**TASK REQUIREMENTS**
From the first line to the last, copy the listing exactly and omit the images.
○ ○ ○ ○ ○ ○ ○
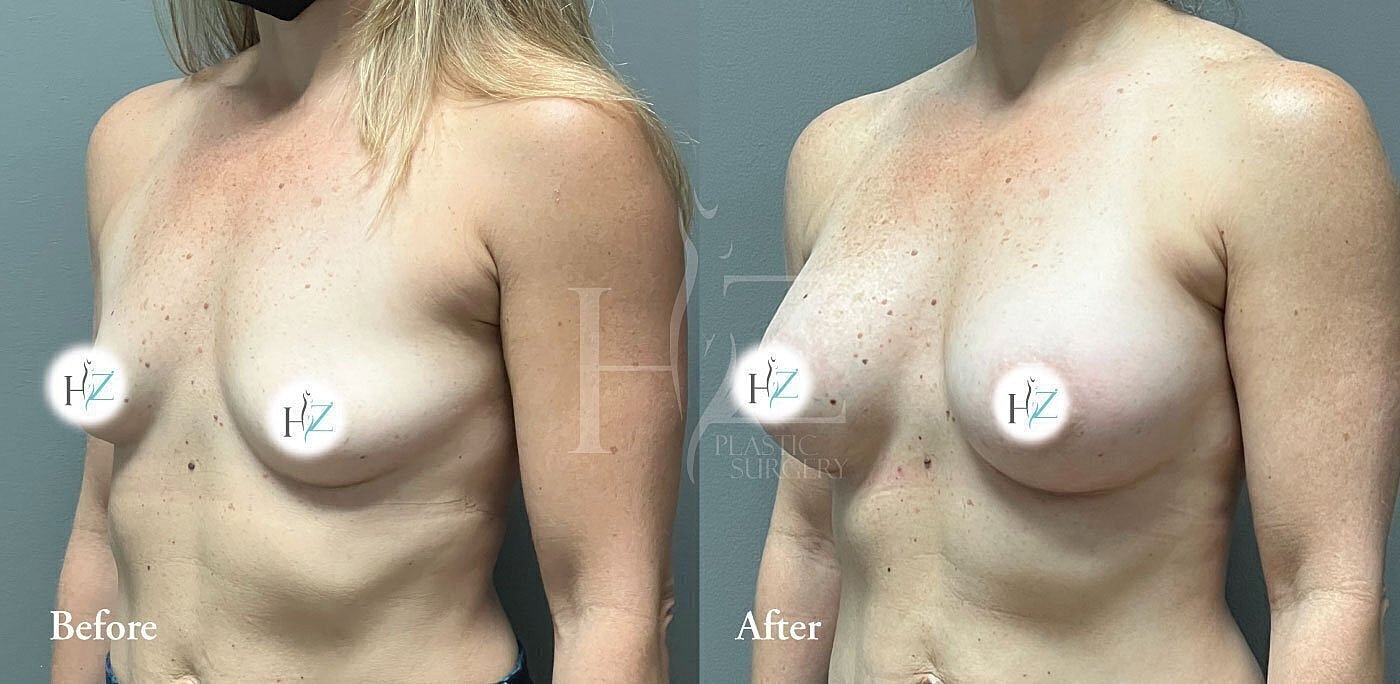 Breast enhancement before and after comparison image.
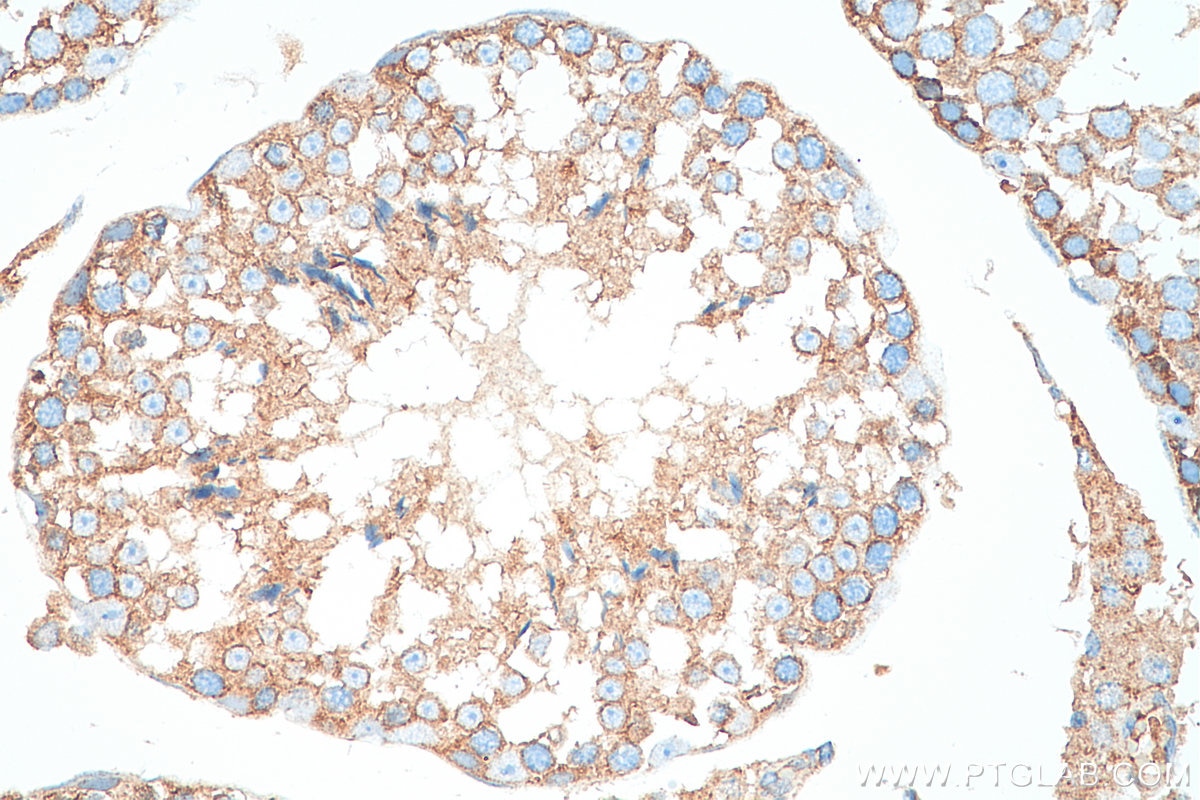 Immunohistochemistry (IHC) staining of mouse testis tissue using FXYD4 Polyclonal antibody (11966-1-AP)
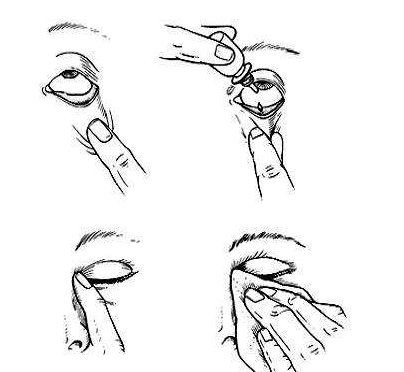 眼藥水兒童可以用嗎？眼藥水適合兒童用嗎？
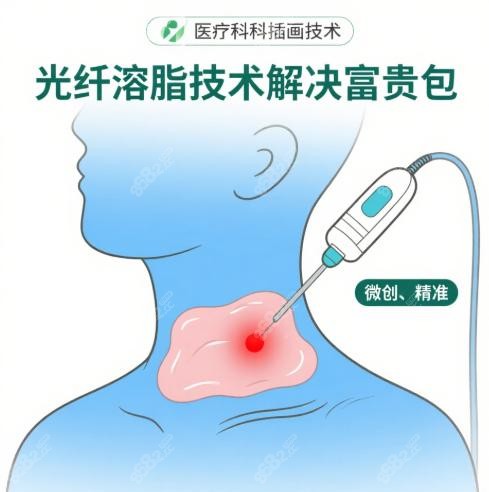 李方伟医生采用光纤溶脂技术解决富贵包更好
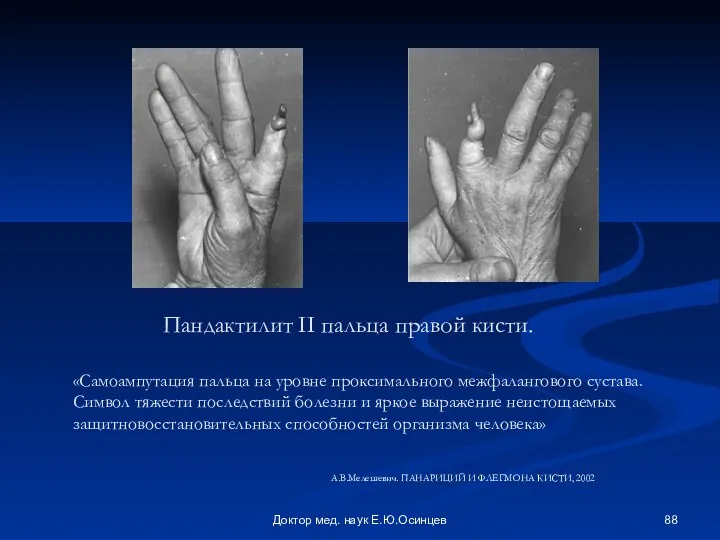 Доктор мед. наук Е.Ю.Осинцев «Самоампутация пальца на уровне проксимального межфалангового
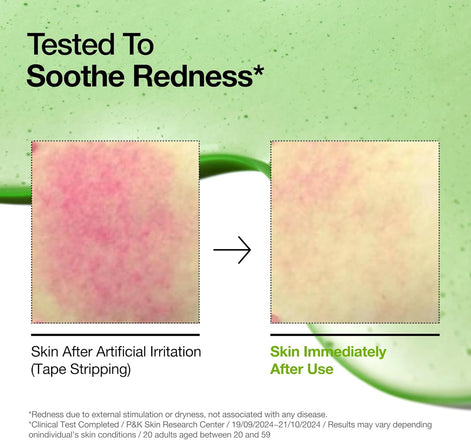 Anua Azelaic Acid 10 Hyaluron Redness Soothing Serum, (30ml/ 1.01 fl oz.)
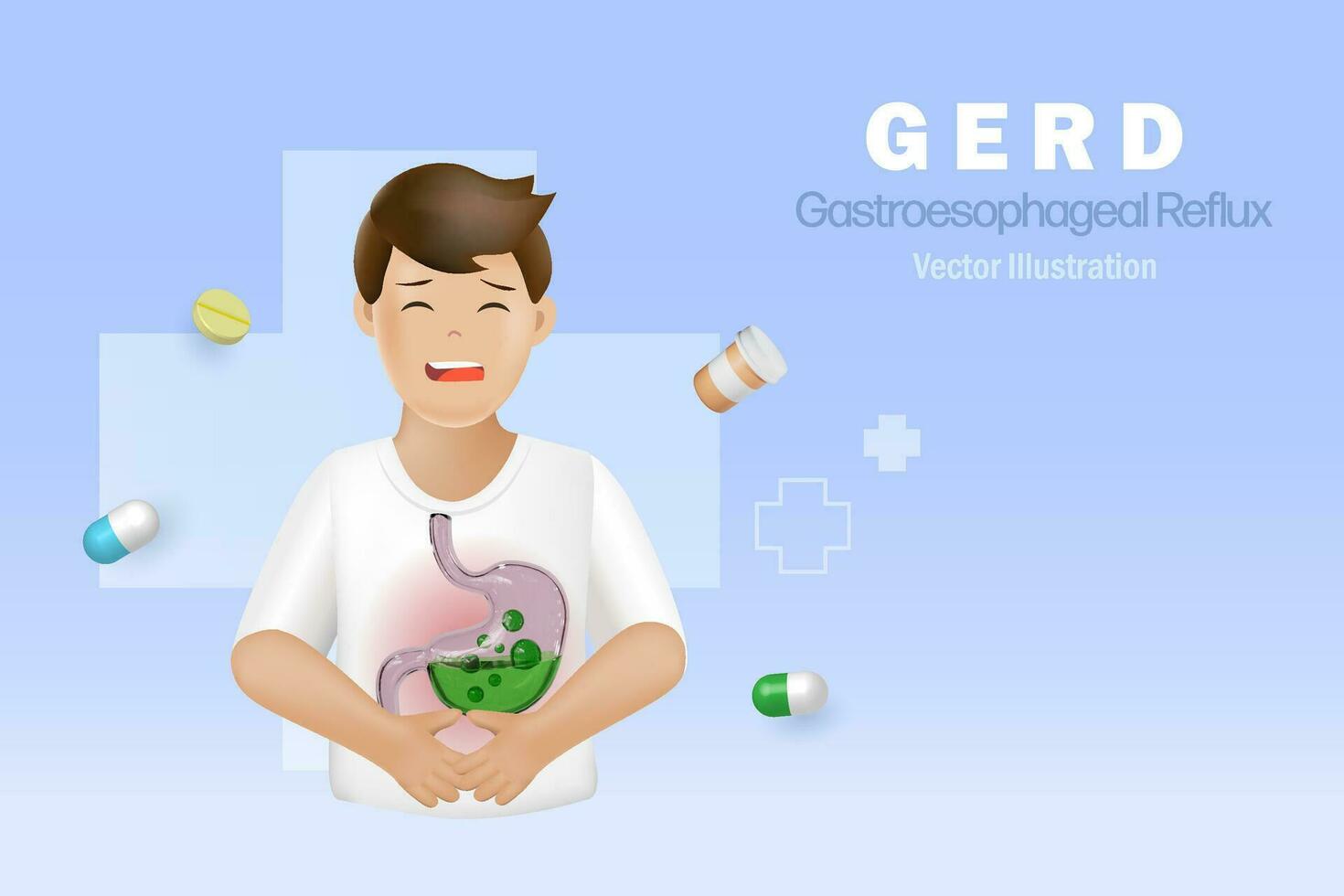 GERD gastroesophageal reflux acid on patient stomach. Digestive disorder causes patient heartburn pain or acid reflux indigestion. Medical and healthcare. 3D vector. vector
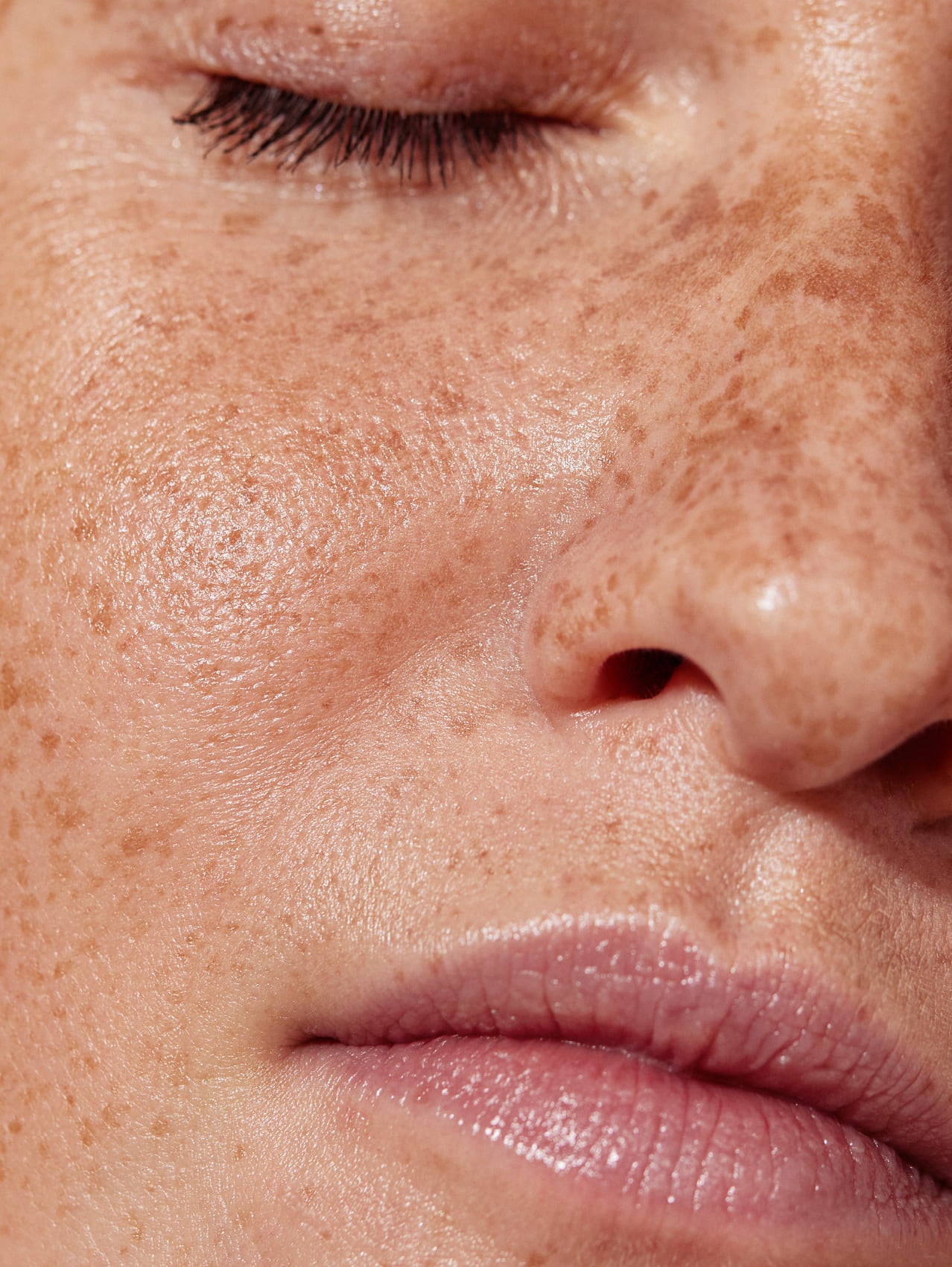 Close-up of a person's face with visible skin texture and freckles.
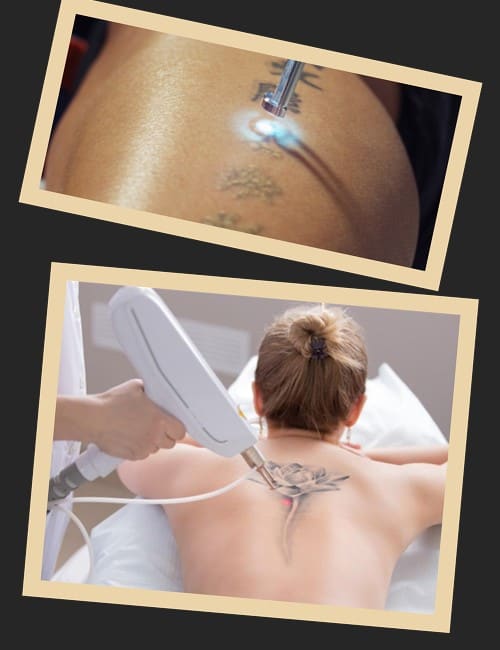 Лазерний спосіб зведення тату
○ ○ ○ ○ ○ ○ ○
**RESULT**
 Breast enhancement before and after comparison image.
 Immunohistochemistry (IHC) staining of mouse testis tissue using FXYD4 Polyclonal antibody (11966-1-AP)
 眼藥水兒童可以用嗎？眼藥水適合兒童用嗎？
 李方伟医生采用光纤溶脂技术解决富贵包更好
 Доктор мед. наук Е.Ю.Осинцев «Самоампутация пальца на уровне проксимального межфалангового
 Anua Azelaic Acid 10 Hyaluron Redness Soothing Serum, (30ml/ 1.01 fl oz.)
 GERD gastroesophageal reflux acid on patient stomach. Digestive disorder causes patient heartburn pain or acid reflux indigestion. Medical and healthcare. 3D vector. vector
 Close-up of a person's face with visible skin texture and freckles.
 Лазерний спосіб зведення тату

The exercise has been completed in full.